AusBiotech comments on draft IP Toolkit for research collaboration


Tuesday, 24 February, 2015

AusBiotech has made a submission to IP Australia on the draft IP Toolkit for research collaborations between research institutes and companies, where it said the draft IP Toolkit could offer useful guidance to SMEs who wish to engage in collaborations.

The submission noted that in order for the IP Toolkit to provide valuable assistance to a company intending to collaborate with a research institution, it requires further revision.

It would be useful for the IP Toolkit to include: issues in IP ownership structures, such as joint ownership; information on IP licensing; information about how research institutions deal with various structural arrangements, such as describing the roles of university technology transfer offices, offices of research and their legal departments in these arrangements; and information in relation to grants and how they may impact on a collaboration agreement.

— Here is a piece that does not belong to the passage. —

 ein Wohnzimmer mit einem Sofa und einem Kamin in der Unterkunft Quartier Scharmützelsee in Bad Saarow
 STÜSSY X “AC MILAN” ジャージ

AusBiotech said that the inclusion of a template research agreement in the IP Toolkit would be of little use to industry. Patents are, by definition, unique from one another and each operates in its own technology and market context; therefore, a negotiation process of approximately nine months is normal. A template agreement is also unlikely to be adopted by research institutions that have spent years developing their own template documents.

AusBiotech has previously noted (in it submission to the ‘Boosting Commercial Return from Research’ review) that a number of jurisdictions have attempted such agreements, only to find that in many cases it (a) it did not speed up the process; and (b) did not sufficiently assist the process.

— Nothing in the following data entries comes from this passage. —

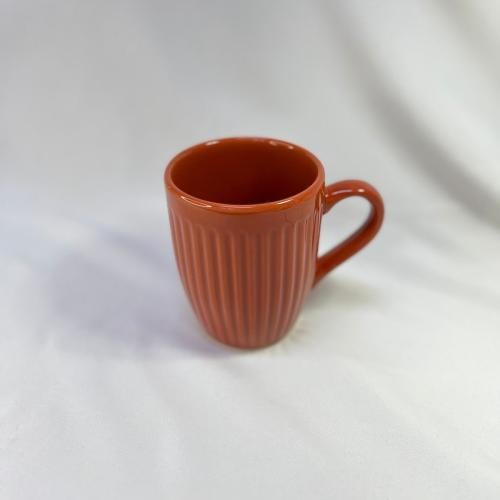 كوب مع قاعدة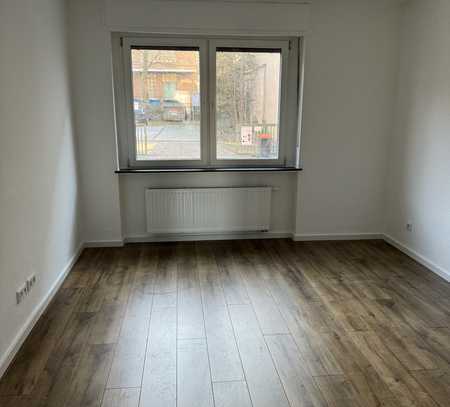 Erstbezug nach neu Sanierung - 1 Zimmer Wohnung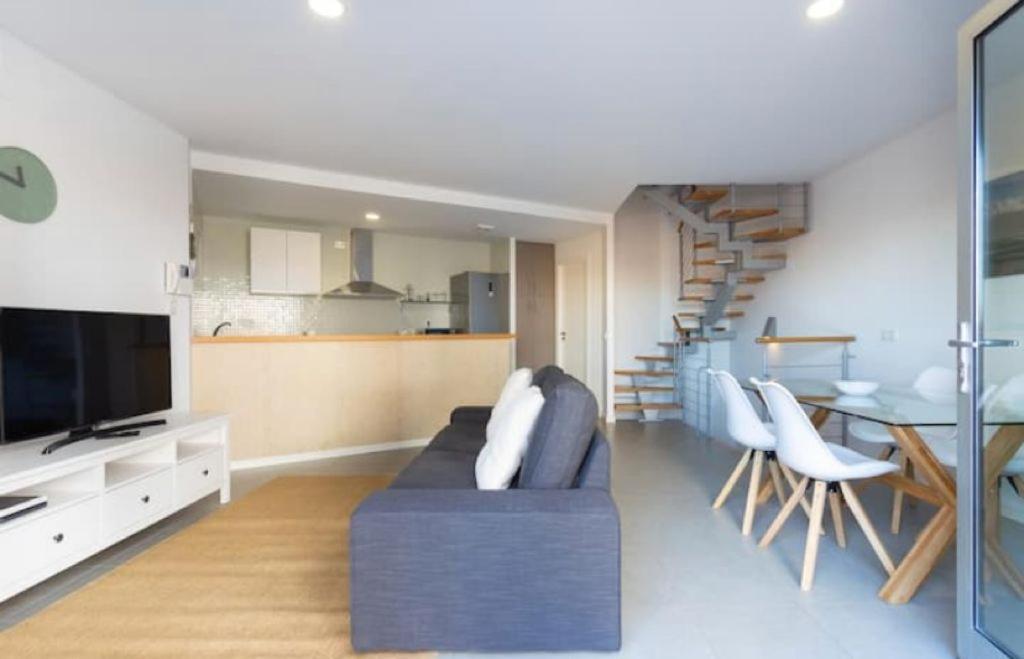Appartamento Modern Seafront Flat With A Private Garage El Médano Esterno foto
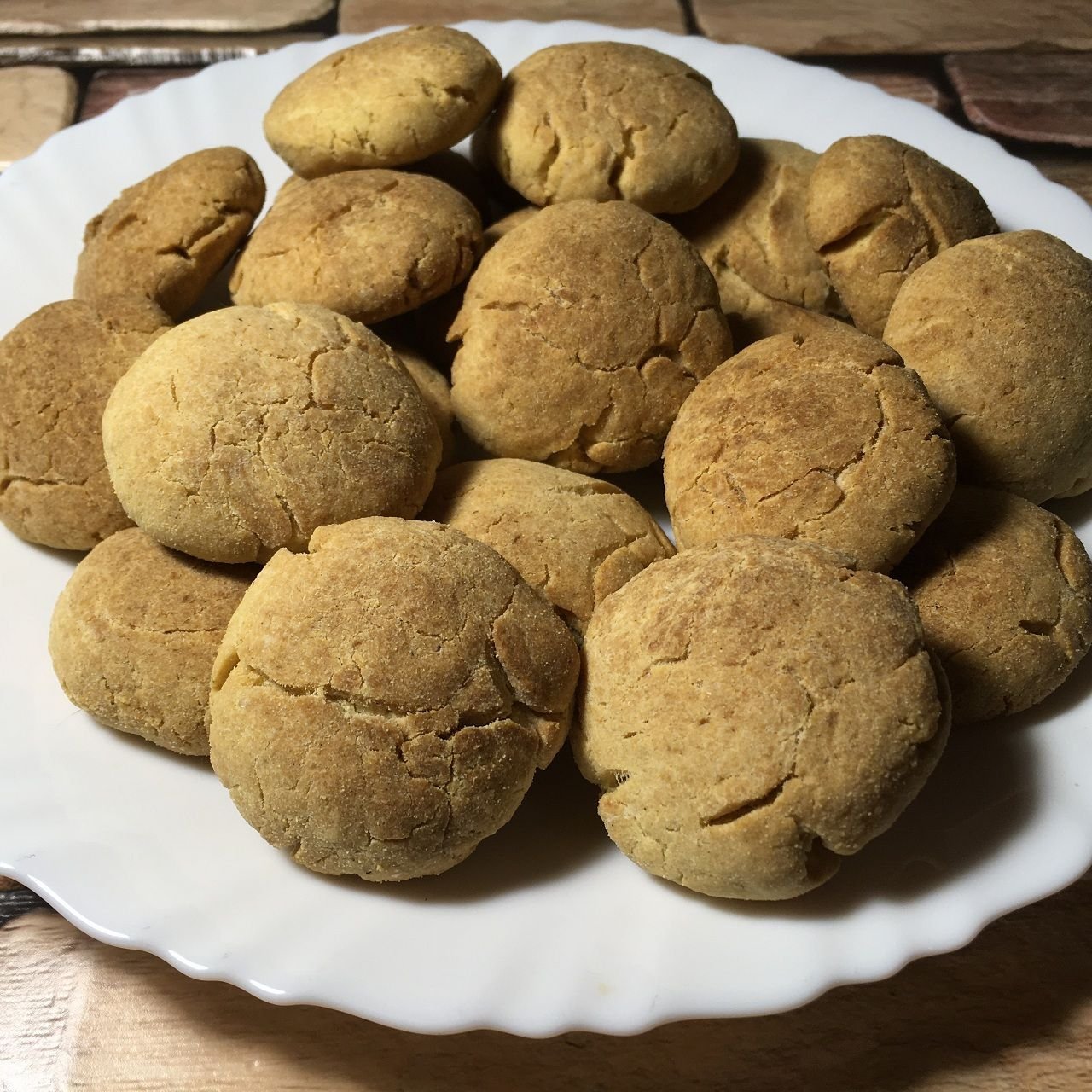 Рецепт постного печенья в домашних. Кукурузное печенье. Постное печенье. Песочное кукурузное печенье. Печенье из кукурузной крупы.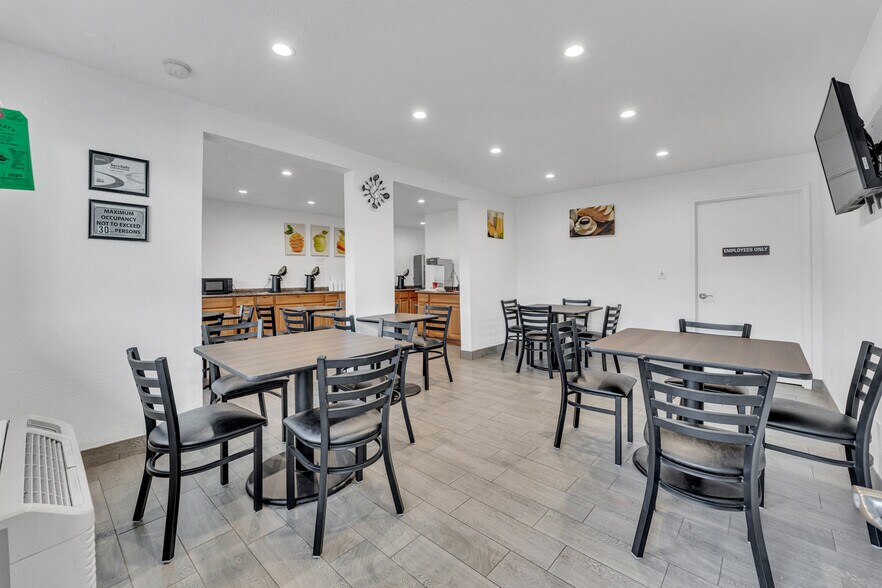 More Photos Of 1023 W Main St, Branson Hotel For Sale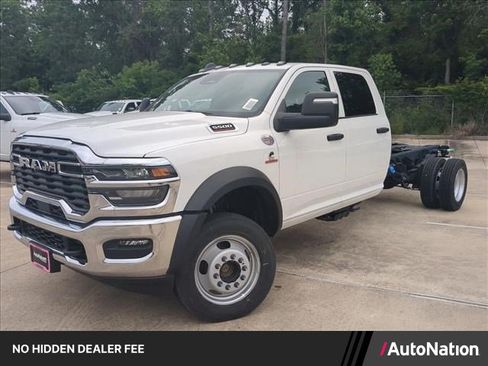 New 2026 RAM 5500 Tradesman w/ Chrome Appearance Group AWD/4WD image 1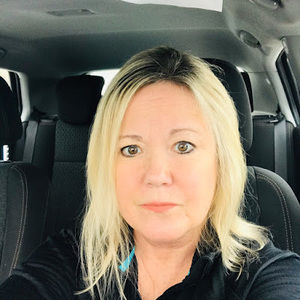 Meet your Posher, Becky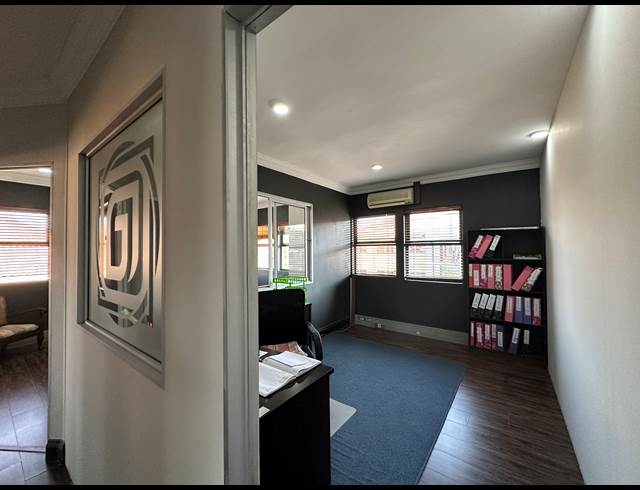 545M² OFFICE TO LET IN CENTURION CENTRAL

In a ‘successful’ example of a jurisdiction developing a template agreement (the UK’s Lambert toolkit), poor uptake has been reported. While there is some evidence that the Lambert toolkit has been successful in achieving its aims of making negotiations faster, cheaper and easier, and in providing useful information, precedents and support to facilitate these negotiations, this positive impact has been limited and negated by both low level of usage and the manner of that use, said AusBiotech. The Sagara Review found clear evidence that, four years after the publication of the Lambert Review, there was still only limited use of the Lambert model agreements.